Threads of Heaven: Silken Legacy of China’s Last Dynasty, Taft Museum of Art, Feb. 7-May 18: This exhibit of spectacularly beautiful silk clothing from China’s Qing Dynasty comes from the Denver Art Museum. The collection was assembled in the 1920s and 1930s.
Hollis Hammonds: Worthless Matter, Reed Gallery/DAAP Galleries, Feb. 10-April 6: This artist, who is from Independence, Ky., and is now chair of the visual studies department at Austin, Texas’ St. Edward’s University, uses material that has been discarded or hoarded to create pieces that reference disasters and debris.
From the Village to Vogue: The Modernist Jewelry of Art Smith, Cincinnati Art Museum, Feb. 22-May 18: When one thinks of the arts in New York’s Greenwich Village, the music, literature and abstract-expressionist painting usually get first attention.
But that spirit of avant-garde progressivism also extended to fashion. This traveling show presents 24 sculpted pieces of jewelry by African-American artist Smith, along with 40 pieces by his contemporaries, including Alexander Calder.
Buildering: Misbehaving the City, Contemporary Arts Center, Feb. 28-Aug. 24: Recently hired curator Steven Matijcio gets a chance to show his aesthetic in this exhibit that sees unsanctioned use of architecture around the world as a hopeful metaphor for the quest for freedom. Artists come from Colombia, France, Spain, Lithuania, Egypt, Mexico/Brazil, U.S.A. and elsewhere.
Crown, Cincinnati Art Museum, March 15-June 15: For this piece, Todd Pavlisko had a sharpshooter fire bullets down the museum’s Icons gallery while their path toward a brass cube was filmed. The finished work is a hybrid of installation/conceptual art, video and sculpture.
Charles Woodman: Passages and Anita Douthat: Under the Sun, Weston Art Gallery, March 28-June 8: Two experienced, talented Cincinnati artists get the chance to showcase recent work. Woodman, who teaches electronic art at DAAP, presents new video installations. Douthat, who specializes in eerily beautiful photograms, offers work from a series she began in 2007.
Rejoice!: A Retrospective of Avtar Gill, the Cincinnati Hat-Man, Thunder-Sky.

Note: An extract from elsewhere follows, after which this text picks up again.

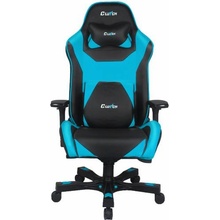 ClutchChairz Throttle Bravo Premium blue THB99BBL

Inc., April 25-June 13: This gallery, which is both devoted to and actively questions the very notion of “outsider art,” makes the case for the work of Gill, the beloved eccentric who wore handmade signs on his hat and who died last year.
Eyes on the Street, Cincinnati Art Museum, Oct. 11-Jan. 4, 2015: FotoFocus ’14 will be presenting multiple shows and events in venues all over town this fall, but this group exhibition seems — at this stage — to be the most eagerly awaited since it’s from the museum’s new photography associate curator, Brian Sholis.
Beyond Pop Art: A Tom Wesselmann Retrospective, Cincinnati Art Museum, Oct. 31-Jan. 18, 2015: Since shortly after the Cincinnati-born Pop artist Tom Wesselmann — creator of the iconic Great American Nude series — died in 2004, there has been talk of a retrospective coming here. Shows were in Montreal in 2012 and Richmond in 2013, but finally this version — which is also coming to Denver — is en route.
Those are in Cincinnati, but two within a day’s drive look really special:
Chicago’s Museum of Contemporary Art is presenting David Bowie Is — an examination of his impact on progressive visual culture as well as music — from Sept. 23 to Jan. 4, 2015. The retrospective was organized by London’s Victoria and Albert Museum. There will be debate as to whether this show belongs at this museum, but the place will be packed.
From May 17 to Aug. 3, Columbus’ Wexner Center for the Arts presents the first major retrospective for one of the best of the contemporary graphic artists — Modern Cartoonist: The Best of Daniel Clowes. The traveling show is co-presented by Ohio State’s Billy Ireland Cartoon Library & Museum — itself a growing force among the state’s arts institutions.